La brigade des forces spéciales air regroupe notamment le commando parachutiste de l’air n° 10 (CPA 10) et l’escadron d’hélicoptères (EH) 1/67 « Pyrénées », qui seront rejoints par le CPA 30, et la composante fixed wing – les aéronefs à voilure fixe – de l’escadron de transport (ET) 3/61 « Poitou ». Cette unité de commandement facilitera notre dialogue avec l’armée de l’air et de l’espace, au sein de laquelle nos demandes capacitaires seront mieux entendues et défendues. Assister à la création de cette brigade est donc une vraie joie. Cela témoigne également de l’effort important consenti par l’armée de l’air et de l’espace, qui montre ainsi qu’elle investit dans ses forces spéciales.

Les forces spéciales ne sont pas seulement investies au Levant et au Sahel.
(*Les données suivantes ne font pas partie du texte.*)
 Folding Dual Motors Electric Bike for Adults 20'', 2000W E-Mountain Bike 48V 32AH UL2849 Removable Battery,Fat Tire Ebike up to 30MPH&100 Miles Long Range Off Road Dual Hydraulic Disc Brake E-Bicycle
Je développe, avec la partie africaine des forces spéciales américaines, le Special Operations Command Africa (SOCAFRICA), une meilleure connaissance de la menace terroriste en Afrique dans le cadre de l’anticipation stratégique.
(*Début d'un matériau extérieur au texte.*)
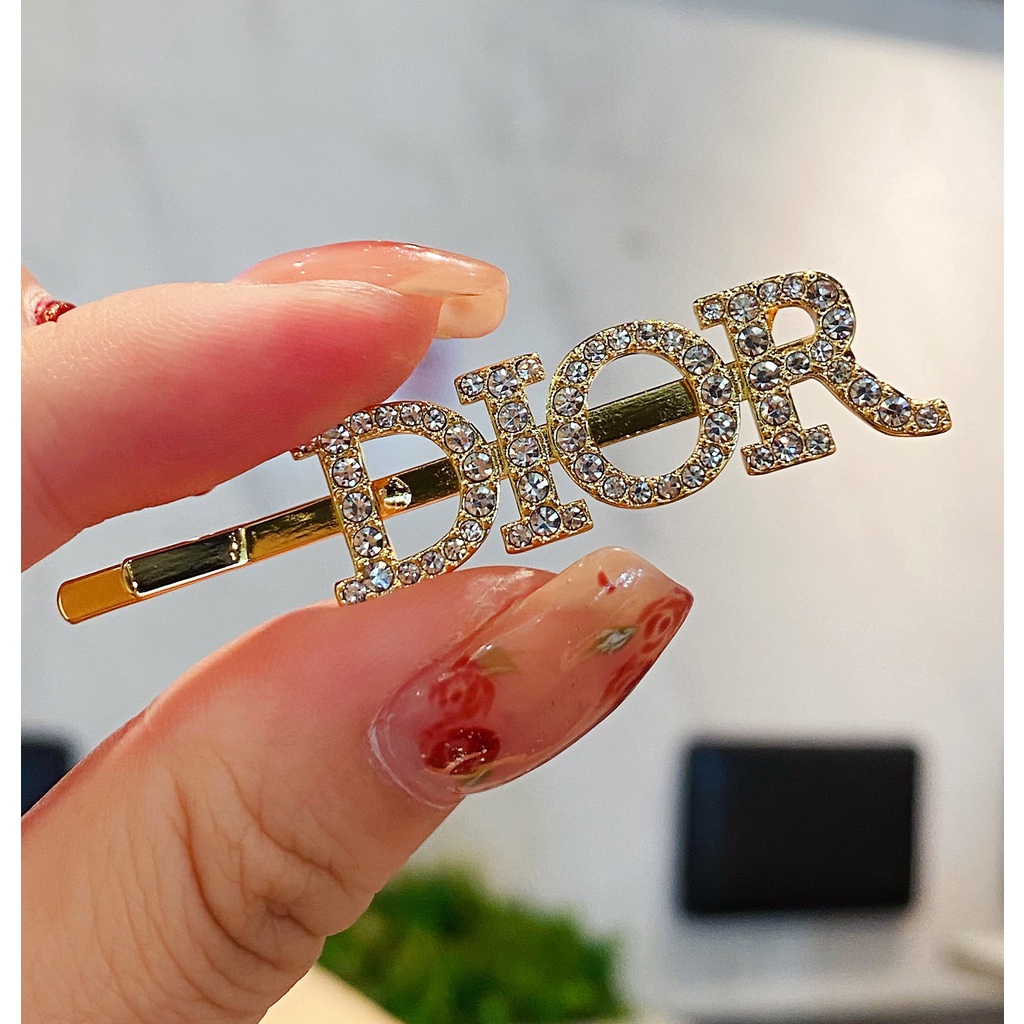 Kẹp tóc mạ bạc 925 hình chữ đính đá lấp lánh thời trang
Nous ne nous cantonnons donc pas aux deux théâtres principaux que sont le Levant et le Sahel : nous voyons beaucoup plus large et essayons d’anticiper les menaces suivantes, et par conséquent les zones de nos interventions potentielles.

Monsieur le député Chassaigne, nous avons des relations quasiment permanentes avec le GIGN et l’unité de recherche, d’assistance, d’intervention et de dissuasion de la police nationale (RAID). L’un et l’autre utilisent le groupe interarmées d’hélicoptères (GIH), qui dépend du 4e régiment d’hélicoptères des forces spéciales (RHFS), et qui est placé sous le contrôle opérationnel du COS, dans sa partie opérationnelle. Par ailleurs, mon état-major compte des officiers de gendarmerie, qui facilitent le dialogue. De même, il existe de nombreuses relations des états-majors organiques avec ces unités. Ainsi, par exemple ALFUSCO et le 4e RHFS, dans le cadre du contre-terrorisme maritime, entretiennent des relations étroites avec le GIGN et organisent des exercices tous les ans.

Plus récemment, je me suis entretenu avec le général commandant du GIGN. Nous avons convenu de la nécessité d’échanger régulièrement. Nous assisterons à leurs retours d’expérience concernant leurs opérations sur le territoire national, et, de la même manière, ils assisteront aux nôtres.

Nos relations avec le GIGN et le RAID sont donc fortes et permanentes. Nous partageons nos retours d’expérience et échangeons même en termes capacitaires, sur ce qui fonctionne chez nous et pourrait fonctionner aussi chez eux, et vice versa.

Monsieur le député Chassaigne, s’agissant du développement du COS au regard de l’évolution des conflits, il faut comprendre que nous puisons nos effectifs dans le vivier des armées, selon un processus de sélection extrêmement rigoureux comprenant des tests psychologiques et physiques. Nous ne pouvons pas puiser indéfiniment dans les forces conventionnelles, sauf à diminuer leur efficience, leur capacité et leur performance. J’estime qu’avec 4 200 membres, les effectifs de nos forces spéciales ont atteint un niveau suffisant, qui nous permet de répondre à chaque fois aux besoins opérationnels. Je considère qu’il faut rester au même niveau.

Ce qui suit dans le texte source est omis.